[SOURCE MATERIAL Boundary: Start]

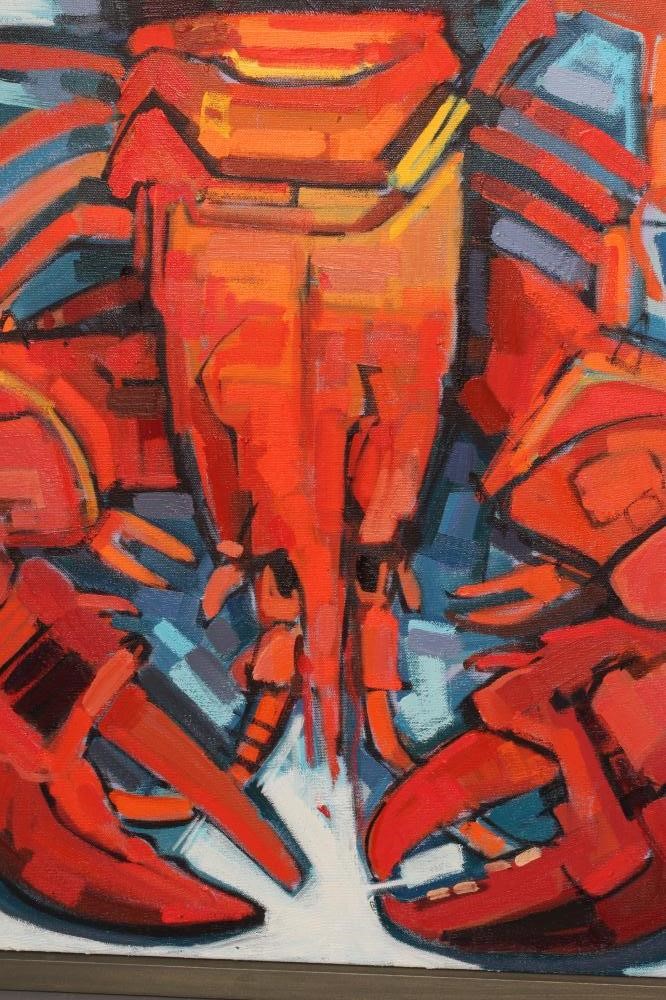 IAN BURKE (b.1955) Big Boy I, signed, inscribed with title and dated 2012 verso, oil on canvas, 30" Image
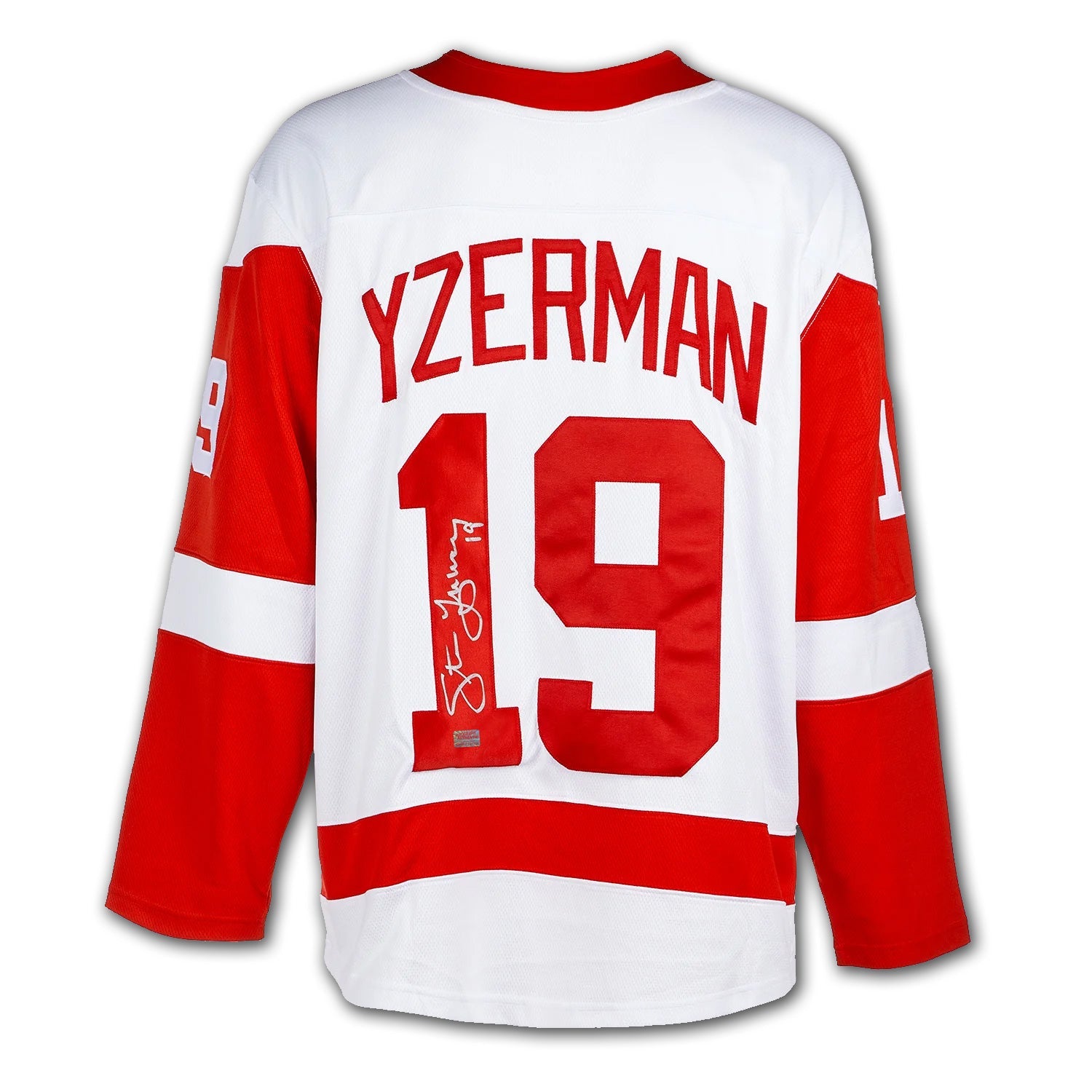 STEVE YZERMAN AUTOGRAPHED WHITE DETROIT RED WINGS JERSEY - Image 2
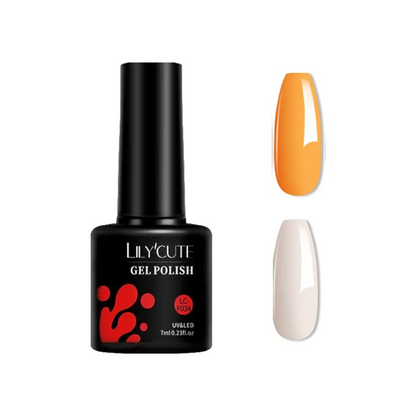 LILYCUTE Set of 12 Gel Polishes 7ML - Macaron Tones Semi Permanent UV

[SOURCE MATERIAL Boundary: End]

§ EXERCISE INSTRUCTIONS: Write the listing out exactly, word for word, but omit the pictures.

§ PROBLEM SOLUTION:
 IAN BURKE (b.1955) Big Boy I, signed, inscribed with title and dated 2012 verso, oil on canvas, 30" Image
 STEVE YZERMAN AUTOGRAPHED WHITE DETROIT RED WINGS JERSEY - Image 2
 LILYCUTE Set of 12 Gel Polishes 7ML - Macaron Tones Semi Permanent UV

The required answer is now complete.